In a report titled “The Resurgence of the Arab Boycott and its Influence in Australia,” Eti Levi, Israel’s commercial attache in Australia and New Zealand, wrote in June that Shell’s decision followed Woodside’s signing of a memorandum of understanding for the purchase of one-third of the rights to the Israeli offshore Leviathan gas reservoir. Luke Smith, an analyst with Australia’s Commonwealth Bank, estimated that the sale of Shell’s holdings stemmed from concern that the deal would hurt its ties with oil-rich Arab states where it operates huge projects.

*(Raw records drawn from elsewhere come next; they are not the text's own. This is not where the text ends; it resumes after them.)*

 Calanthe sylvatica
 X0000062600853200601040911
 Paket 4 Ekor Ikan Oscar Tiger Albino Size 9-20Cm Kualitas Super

Levi claimed that the Boycott, Divestment and Sanctions movement (BDS) doesn’t distinguish between the two sides of the Green Line “and promotes an academic, economic, cultural, diplomatic boycott on anything originating in Israel.” She also reported on protest marches by Australia's BDS movement outside stores of the Max Brenner chain, which sells Strauss products, claiming the Israeli company supplies food to Israeli soldiers. BDS initiatives go beyond “calling for the imposition of pinpoint sanctions on certain people or products which originate in the settlements.” Just like Prime Minister Benjamin Netanyahu and the instigators of the “Boycott Law,” Levi argues that the aim of the BDS movement is “to undermine the legitimacy of the State of Israel.”

Therefore, the law’s authors and supporters argue, the boycott has nothing to do with the ongoing occupation, the expansion of settlements and the faltering negotiations with the Palestinians. No wonder they ganged up on US Secretary of State John Kerry, who, in a speech at the Munich Security Conference on Feb. 1, dared draw a parallel between the boycott phenomenon and the Israel de-legitimization campaign.

After berating Kerry for being “a mouthpiece of Israel’s enemies,” Economy and Trade Minister Naftali Bennett announced, “Only security will bring about economic stability, not a terror state next to Ben-Gurion Airport,” and promised, "Either way, we knew in the past and know today how to stand strong."

In July, Yossi Verter, Haaretz's senior political analyst, reported that top government echelons in Jerusalem had been informed that large European banks were considering a ban on loans to Israeli companies that have a business or economic affiliation with territories across the Green Line. In his article, headlined “Someone should tell the economy minister what happens when the banks turn off the faucet,” Verter added that one doesn’t have to be an economist in order to understand the disastrous implications that such a decision might bear on Israel's market and economy.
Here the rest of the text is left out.